Oh, oh… could the Dorico team add the expression “via sord.” as an option for “senza sordino” please?
I was wondering why the proofreading feature kept telling me to add a “senza sordino” to the 3rd movement, when the 2nd half of the 2nd movement was played without mutes. until I realized it didn’t recognize “via sord.” as a valid text for removing mutes.
I’m not against this proposal, of course, but is there any precedent for “via sord.”? I’ve only ever seen “con sord.” (-ino/-ini) and “senza sord.” in Italian, and I’m assuming that “via sord.” is from Italian as well.
I’d really love to see some proofreading for structural issues added too. If there’s a D.S. al Coda or D.C. al Coda, proof for a To Coda and a Coda. If there’s a D.S. al Fine or D.C. al Fine, proof for a Fine. If there’s a D.S. al Fine or D.S. al Coda, proof for a Segno.

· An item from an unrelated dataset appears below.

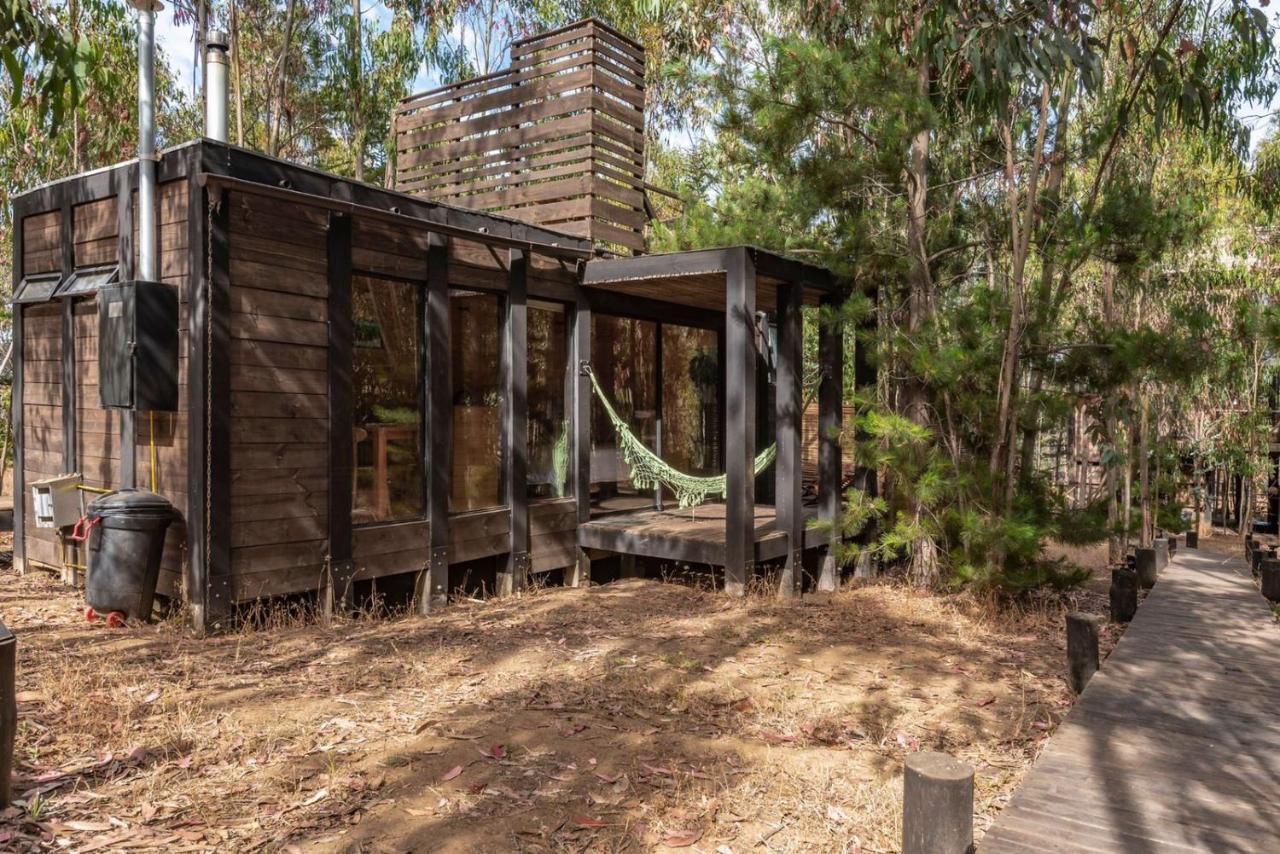 Tripanko Lodge & Bungalows Pichilemu Εξωτερικό φωτογραφία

Stuff like that …
Hi @Michel_Edward,
you can add/edit/customize Playing techniques as needed:
you can change the appearance of any Playing Technique, as desired, so that you don’t break the connection to the intended Playback Technique (in this case Open 1 ) and Dorico proofreading will not give an error, and all will work as expected.
Here visual guide:
I wouldn’t ask for it if it weren’t a real thing.
So yes, there is ample precedent for it. it means “mute off” (or “remove mute”) rather than simply “without mute”.
It would be quite easy to simply google it.
And page-turns.
I’m sure they’re on the list.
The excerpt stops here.